Averaging was performed on multiple CS-acquired volumes to produce high resolution images with minimal motion artifact. The result of averaging six CS-acquired volumes with 65% missing data is shown in the bottom row of Fig. 5 . The frames from the averaged volume permit deeper visualization of the sclera (Fig. 5A) and better visualization of the lamina cribrosa surface (Fig. 5C).
Compressive sampling OCT provides a means to reduce scan time but still retains the high resolution quality of a fully-acquired volume. Compressive sampling acquisition is versatile as it only requires a change in scanning protocol which is straightforward to integrate into new and existing OCT systems. The CS acquisition scan pattern can be easily modified for different percentages of missing data which corresponds to the duration of a volume acquisition.
The accuracy of the CS reconstruction was investigated on circumferential scans extracted from fully-acquired and CS-acquired volumes. The segmentation process contributed a mean manual rater error of 1.7µm, which is less than a single pixel in the image (2.7µm). The overall mean RNFL and TR thickness measurement errors for CS reconstructed volumes were 5.5µm and 4.5µm, respectively, which is less than the axial resolution of the system (~6µm). The largest errors were likely mainly due to changes in blood vessel diameter when measuring retinal thicknesses from volumes acquired at different times. We also compared retinal thickness measurements to a second fully-acquired volume acquired at a different time. The mean TR and RNFL thickness errors were 4.7µm and 5.9µm, respectively, which is similar to the measurement errors calculated from the CS reconstructed volumes. The RNFL thickness plot does not fall into the normal database of RNFL circumferential scan plot because our research subject was highly myopic.

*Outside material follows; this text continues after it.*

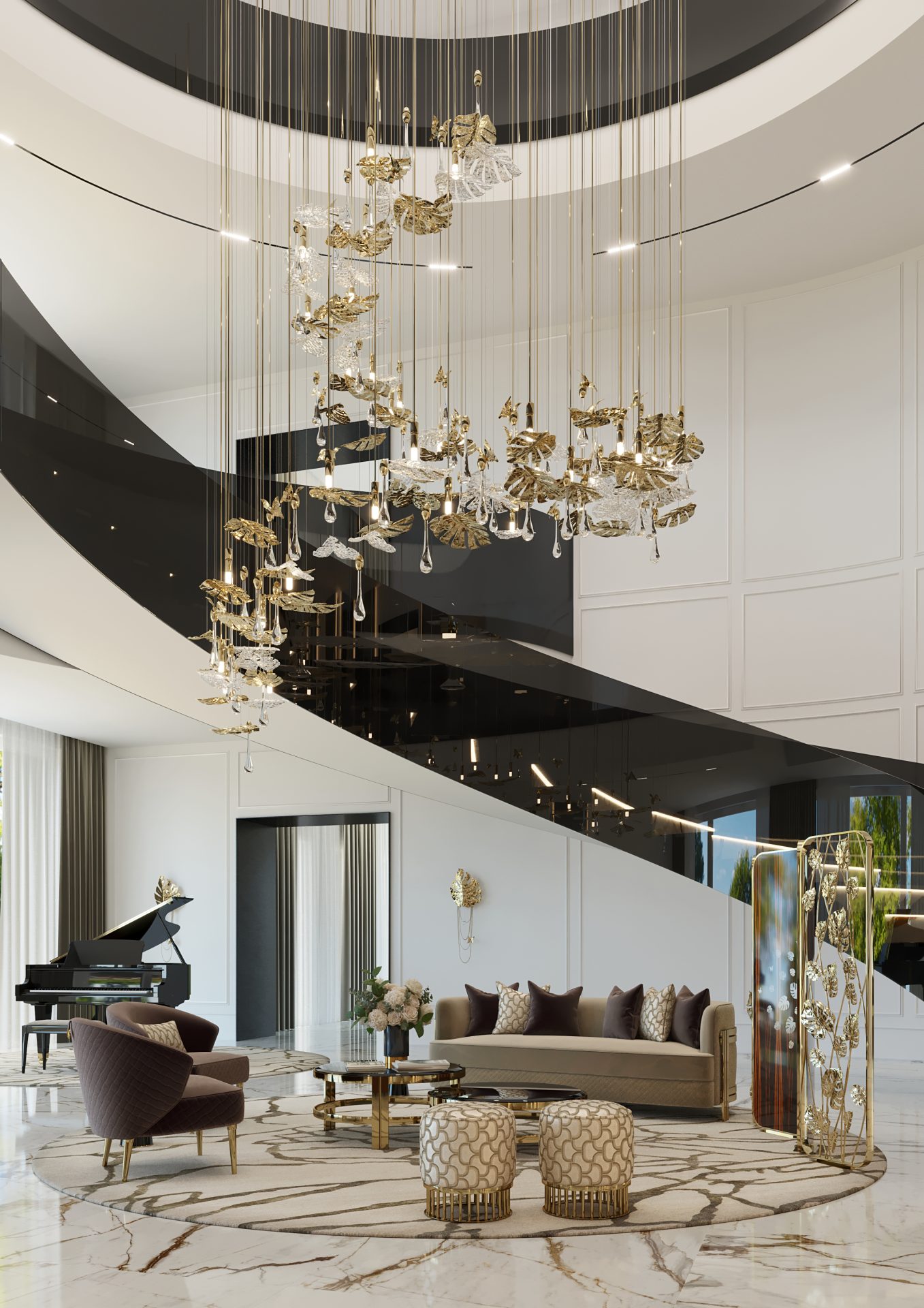 RAINFOREST CHANDELIER - Image 2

There are two main advantages to using compressive sampling techniques with FDOCT. First, CS-OCT permits rapid volumetric acquisition which minimizes the artifacts in the image due to motion, and hence, better preserves the physiological shape of the optic nerve head and curvature of the retina. Second, by registering and averaging CS-OCT volumes, we are averaging frames at the same location with different speckle characteristics (due to CS reconstruction) which increases the Signal-to-Noise Ratio (SNR) of the final image and improves the image quality. In contrast, averaging adjacent frames from a fully-acquired volume (a widely used method to improve image SNR), causes a loss of lateral resolution.
In summary, the compressive sampling technique was applied to ophthalmic imaging with OCT to reduce volume acquisition time. Recovery of real-time CS-acquired OCT volumes were shown to have minimal degradation for up to 65% of the data missing explored in this study. The mean error of both the total retinal and RNFL thicknesses from the CS-recovered volumes was less than the axial resolution of the system. Registration and averaging of CS-recovered volumes was demonstrated to reduce volume acquisition time and preserve the physiological shape of the retina, while reducing speckle and permitting even deeper visualization into the sclera and lamina cribrosa. Compressive sampling has been shown to serve as a promising novel method for increasing volumetric acquisition speed for new and existing OCT systems without sacrificing image quality.
Funding for this work is generously provided by the Michael Smith Foundation for Health Research (MSFHR), Natural Sciences and Engineering Research Council of Canada (NSERC) and Canadian Institutes of Health Research (CIHR).